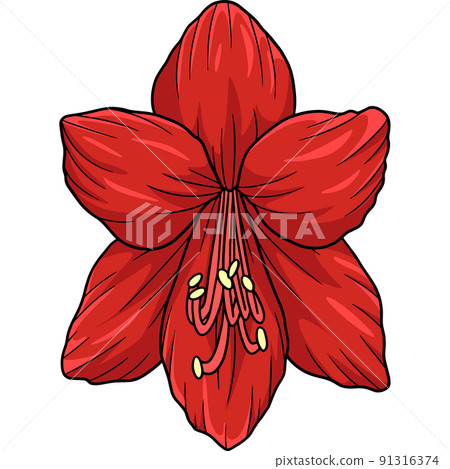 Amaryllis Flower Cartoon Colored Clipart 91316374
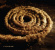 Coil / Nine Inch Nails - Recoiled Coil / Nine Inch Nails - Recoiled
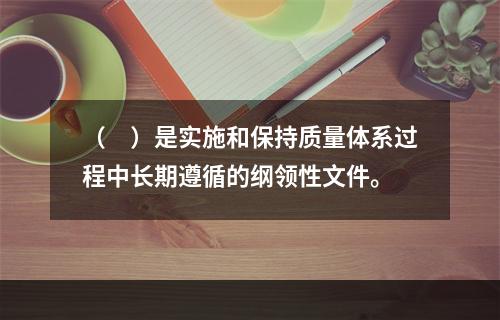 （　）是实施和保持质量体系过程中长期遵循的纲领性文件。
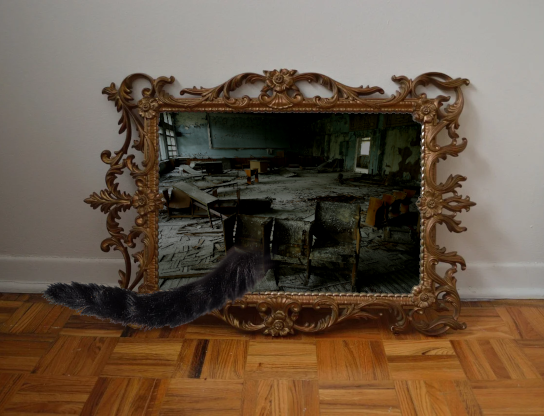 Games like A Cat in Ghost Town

========================

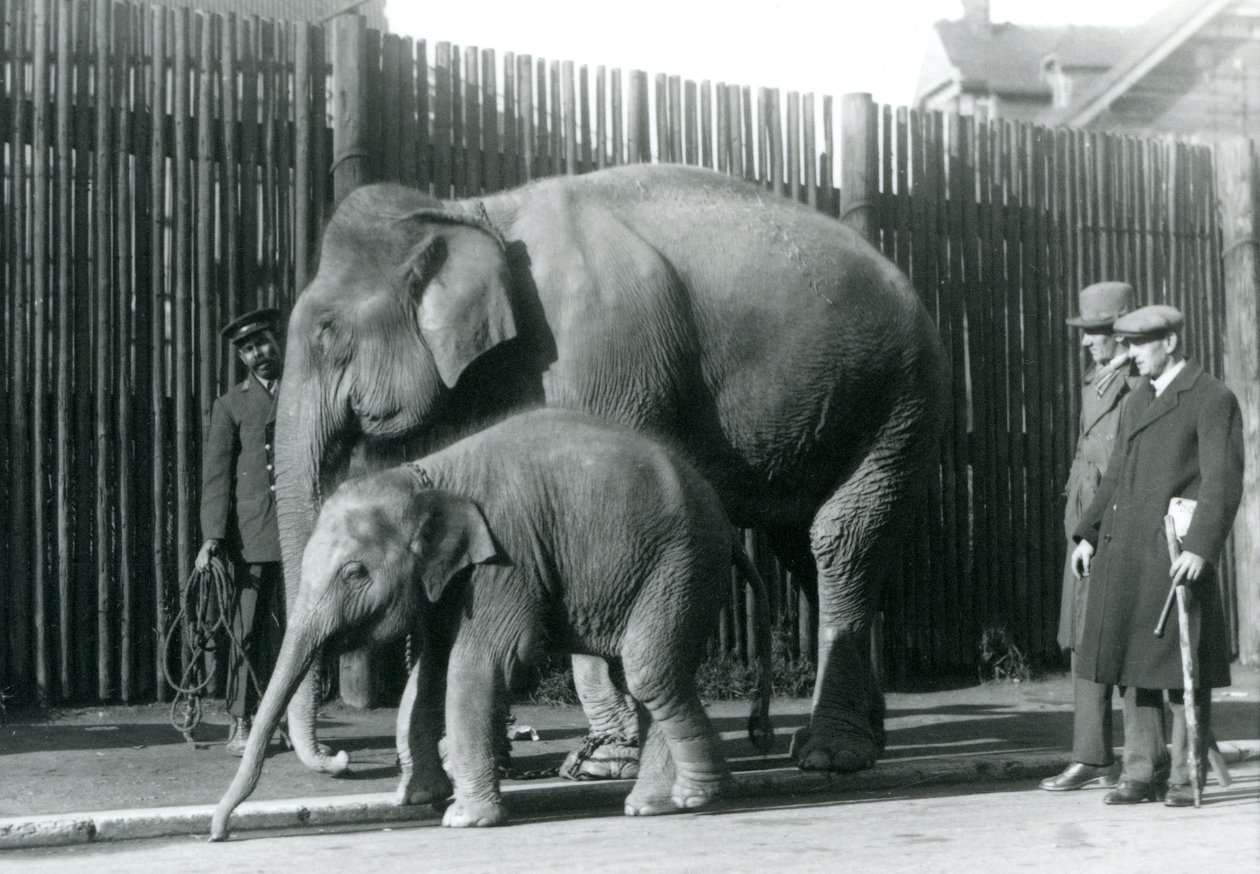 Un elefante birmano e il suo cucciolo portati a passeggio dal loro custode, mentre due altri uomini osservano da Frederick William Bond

========================

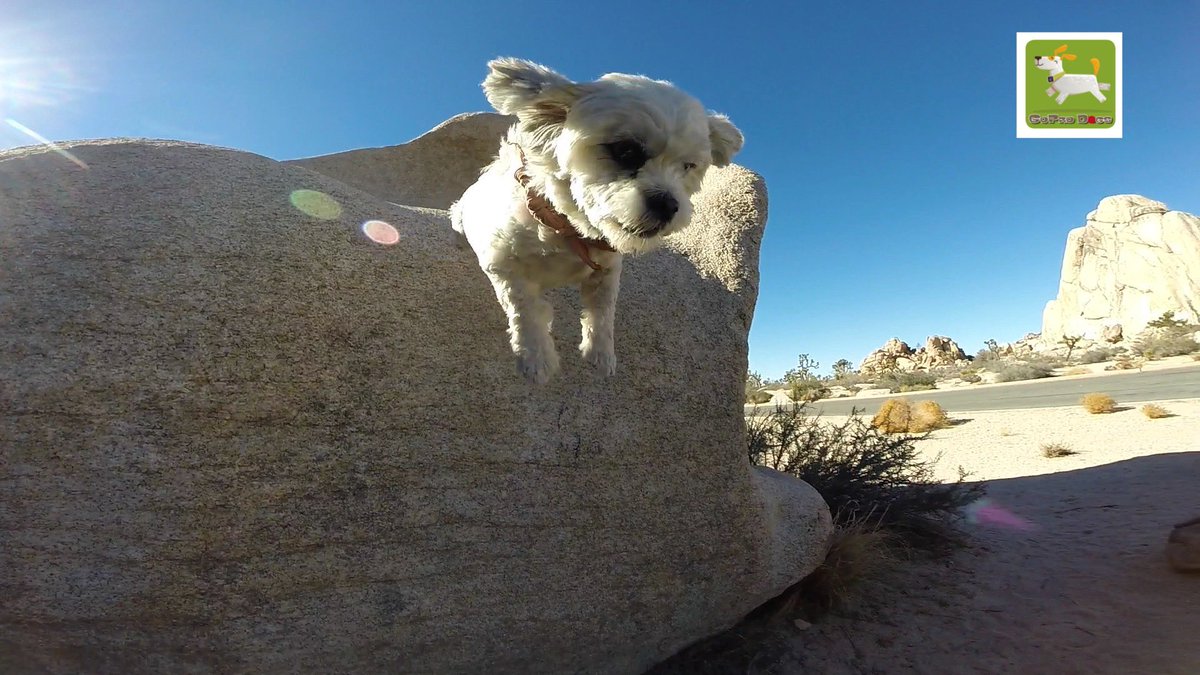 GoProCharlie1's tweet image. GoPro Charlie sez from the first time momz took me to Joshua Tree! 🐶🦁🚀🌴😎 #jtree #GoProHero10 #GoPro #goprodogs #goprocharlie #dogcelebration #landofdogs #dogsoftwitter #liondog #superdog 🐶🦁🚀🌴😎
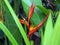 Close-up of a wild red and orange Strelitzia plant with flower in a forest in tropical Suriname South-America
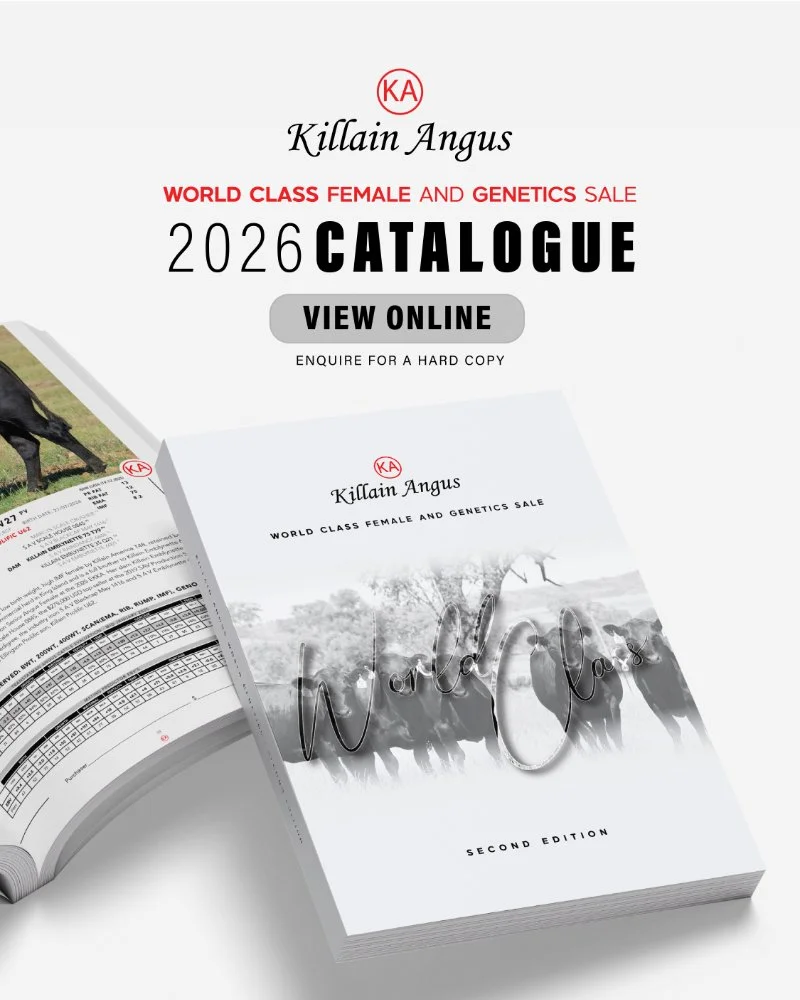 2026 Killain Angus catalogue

========================

Work item:
Quote the data above exactly from the line with "Amaryllis Flower Cartoon" to the line with "Games like A Cat in Ghost Town", both ends counted, and nothing else. Pictures don't go in.

Exercise output:
 Amaryllis Flower Cartoon Colored Clipart 91316374
 Coil / Nine Inch Nails - Recoiled Coil / Nine Inch Nails - Recoiled
 （　）是实施和保持质量体系过程中长期遵循的纲领性文件。
 Games like A Cat in Ghost Town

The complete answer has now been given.